Give again, word for word, every line below from the one that has "Готель Medve Dome" through the one that has "Cheddar Pink - Dianthus", both included, and no others.

**MATERIAL FOR THIS TASK:**
<<<<

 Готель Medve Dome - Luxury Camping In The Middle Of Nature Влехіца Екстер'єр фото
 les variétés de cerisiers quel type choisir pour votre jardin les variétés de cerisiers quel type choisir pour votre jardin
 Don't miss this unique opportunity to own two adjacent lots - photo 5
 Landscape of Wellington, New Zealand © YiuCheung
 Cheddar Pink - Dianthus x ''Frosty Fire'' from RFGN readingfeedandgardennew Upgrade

>>>>
<<<<

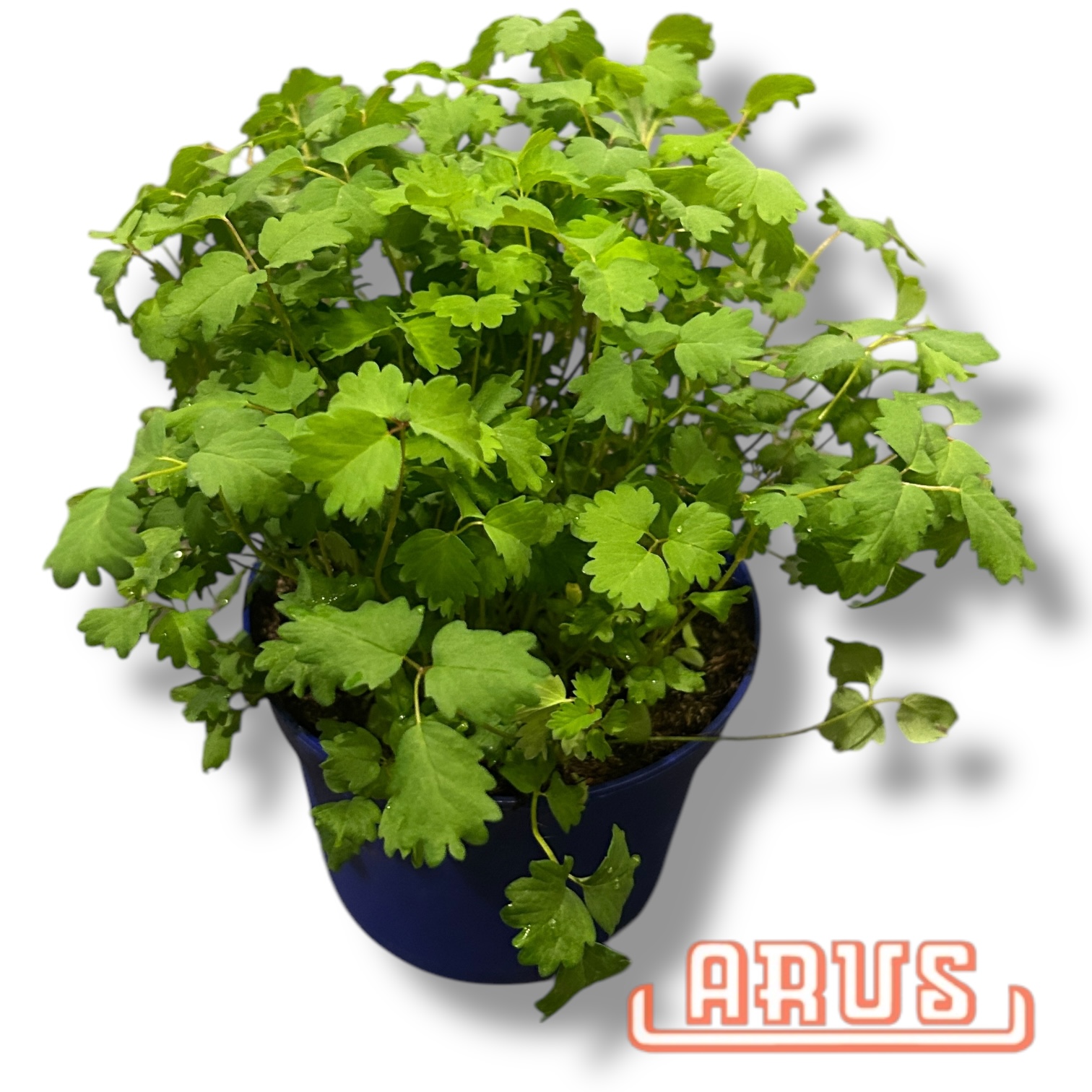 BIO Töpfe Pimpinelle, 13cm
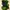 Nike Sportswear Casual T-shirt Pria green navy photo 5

>>>>
<<<<

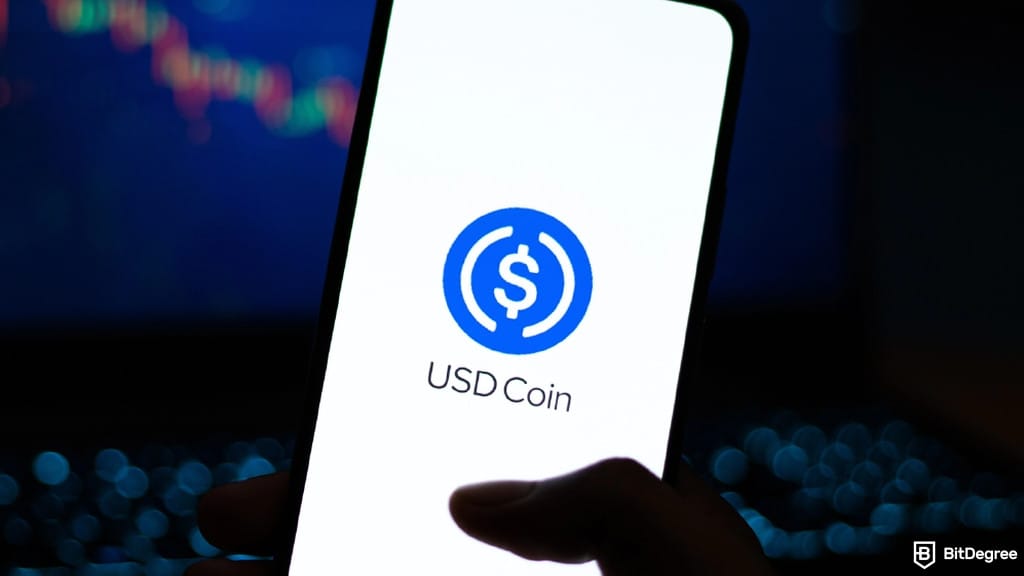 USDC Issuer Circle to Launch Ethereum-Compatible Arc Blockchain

>>>>

**EXERCISE OUTPUT:**
 Готель Medve Dome - Luxury Camping In The Middle Of Nature Влехіца Екстер'єр фото
 les variétés de cerisiers quel type choisir pour votre jardin les variétés de cerisiers quel type choisir pour votre jardin
 Don't miss this unique opportunity to own two adjacent lots - photo 5
 Landscape of Wellington, New Zealand © YiuCheung
 Cheddar Pink - Dianthus x ''Frosty Fire'' from RFGN readingfeedandgardennew Upgrade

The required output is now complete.